Soon, all of its glory will be over. Washington, Oregon, UCLA and USC will all join the Big Ten, and the West will cease to exist. The division that brought us extreme parity followed by an eventual blowout loss in the Big Ten Championship game every year will be no more. It’s truly the end of an era.
Regardless of your opinion on conference expansion, make no mistake, the Big Ten West was a good thing for Northwestern. It was the West that brought ‘Cats’ fans two Big Ten Championship Game appearances. It was the West that allowed Northwestern to be competitive in a conference chock-full of high-level talent.
Things will not be the same for the ‘Cats next year. More talent is coming, and the safeguard that was the West will no longer be there to help shield from it. Especially given the current state of the program, Northwestern might be in for a very difficult adjustment.
But the West meant something to lots of fans outside of Evanston too. Since the division’s first year in 2014, rivalries have deepened, late-season drama has been prevalent, and fans have grown to appreciate competing to be the best of the West. While the East has always had more talented, traditional powerhouses of the Big Ten, the West carved out a role for itself in college football. It was where you went to watch some hard-nosed, tough, young football players working their butts off.
The Minnesota Golden Gophers gave us a consistently frisky ground-and-pound team. The Nebraska Cornhuskers gave us the flukiest August win ever in a foreign country. The Wisconsin Badgers gave Big Ten West fans some hope that it could be a team from our side to emerge victorious in the Championship.
The Iowa Hawkeyes were the other dominant force of the West — if you can really call any of these teams one. They put on display the best defense any football fan can ever remember watching. but they could rarely score points. The Purdue Boilermakers gave Northwestern fans a nice little winnable game (until recent years) on the schedule.

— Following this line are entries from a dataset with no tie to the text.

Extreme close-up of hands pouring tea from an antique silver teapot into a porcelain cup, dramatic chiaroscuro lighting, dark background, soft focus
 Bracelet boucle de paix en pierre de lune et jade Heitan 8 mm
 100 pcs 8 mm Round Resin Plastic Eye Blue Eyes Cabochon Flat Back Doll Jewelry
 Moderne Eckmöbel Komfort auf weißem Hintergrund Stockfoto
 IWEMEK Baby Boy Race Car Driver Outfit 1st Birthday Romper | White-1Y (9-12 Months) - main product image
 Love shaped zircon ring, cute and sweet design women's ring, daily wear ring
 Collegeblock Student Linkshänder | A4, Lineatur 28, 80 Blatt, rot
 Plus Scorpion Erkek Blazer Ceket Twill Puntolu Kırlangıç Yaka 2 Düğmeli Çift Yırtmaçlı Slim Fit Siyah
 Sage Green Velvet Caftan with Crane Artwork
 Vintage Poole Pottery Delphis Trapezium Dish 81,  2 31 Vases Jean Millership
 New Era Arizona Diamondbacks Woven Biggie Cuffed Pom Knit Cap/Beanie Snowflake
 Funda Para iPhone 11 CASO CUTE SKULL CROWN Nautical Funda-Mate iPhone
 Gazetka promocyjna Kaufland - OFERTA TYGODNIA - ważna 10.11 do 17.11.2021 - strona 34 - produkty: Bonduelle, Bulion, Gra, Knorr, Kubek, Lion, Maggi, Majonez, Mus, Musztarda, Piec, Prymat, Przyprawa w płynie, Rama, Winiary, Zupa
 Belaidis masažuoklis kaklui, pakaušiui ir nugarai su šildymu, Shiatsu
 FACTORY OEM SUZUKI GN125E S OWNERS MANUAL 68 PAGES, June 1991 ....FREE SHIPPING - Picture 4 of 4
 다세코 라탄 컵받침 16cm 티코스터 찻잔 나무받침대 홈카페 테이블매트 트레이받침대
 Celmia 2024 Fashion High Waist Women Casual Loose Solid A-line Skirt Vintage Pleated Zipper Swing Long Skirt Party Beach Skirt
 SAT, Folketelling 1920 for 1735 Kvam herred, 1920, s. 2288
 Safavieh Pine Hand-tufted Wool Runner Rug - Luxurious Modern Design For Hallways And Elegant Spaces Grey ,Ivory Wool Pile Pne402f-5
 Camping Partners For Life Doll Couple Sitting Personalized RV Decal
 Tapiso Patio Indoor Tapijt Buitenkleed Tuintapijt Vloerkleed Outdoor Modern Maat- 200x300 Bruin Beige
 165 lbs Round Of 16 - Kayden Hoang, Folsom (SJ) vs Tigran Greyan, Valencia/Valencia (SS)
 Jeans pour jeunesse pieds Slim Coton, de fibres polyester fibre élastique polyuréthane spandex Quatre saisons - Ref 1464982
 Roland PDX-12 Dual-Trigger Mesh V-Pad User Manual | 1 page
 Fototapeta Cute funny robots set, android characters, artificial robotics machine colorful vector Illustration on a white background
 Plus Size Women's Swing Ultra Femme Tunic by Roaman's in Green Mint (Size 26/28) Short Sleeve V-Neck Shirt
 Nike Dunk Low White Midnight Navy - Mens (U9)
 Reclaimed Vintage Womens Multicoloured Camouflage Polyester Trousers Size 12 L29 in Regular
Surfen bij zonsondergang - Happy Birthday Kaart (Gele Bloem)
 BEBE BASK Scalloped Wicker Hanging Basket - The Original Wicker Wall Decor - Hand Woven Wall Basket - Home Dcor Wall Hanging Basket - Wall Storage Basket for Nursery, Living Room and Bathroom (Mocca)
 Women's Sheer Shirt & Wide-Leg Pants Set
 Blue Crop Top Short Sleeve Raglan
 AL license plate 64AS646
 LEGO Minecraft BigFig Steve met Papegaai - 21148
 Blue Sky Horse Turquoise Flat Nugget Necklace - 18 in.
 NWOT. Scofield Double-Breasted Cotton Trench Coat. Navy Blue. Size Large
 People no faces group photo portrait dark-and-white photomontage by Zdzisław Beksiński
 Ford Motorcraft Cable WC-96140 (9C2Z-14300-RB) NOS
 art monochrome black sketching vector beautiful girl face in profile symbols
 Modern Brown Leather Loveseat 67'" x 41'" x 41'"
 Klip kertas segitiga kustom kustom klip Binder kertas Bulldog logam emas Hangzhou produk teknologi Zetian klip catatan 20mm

Illinois was also in the west, but there’s not much to say about them. I suppose they gave us a team to hate above all others, and lately, some serious Thanksgiving break pain. But that was the beauty of the Big Ten West. One weekend would feature a painful loss and the next would have a bounce-back upset that turned the whole season on its head.
The Big Ten itself may feature more high-level talent and more high-profile matchups next year, but you heard it here first, it’s gonna miss the allure of the Big Ten West. Nothing will be the same when many of the teams I just listed, if not all of them, are uncompetitive.
So let’s remember the Big Ten West and all that it meant to Midwest sports fans everywhere. There was nothing else like it, and there never will be. As we ride out the final season of its existence, the legacy of the West will live on in all the fans who were glued to their TVs every Saturday. Its rivalries, its intensity and its impact will endure.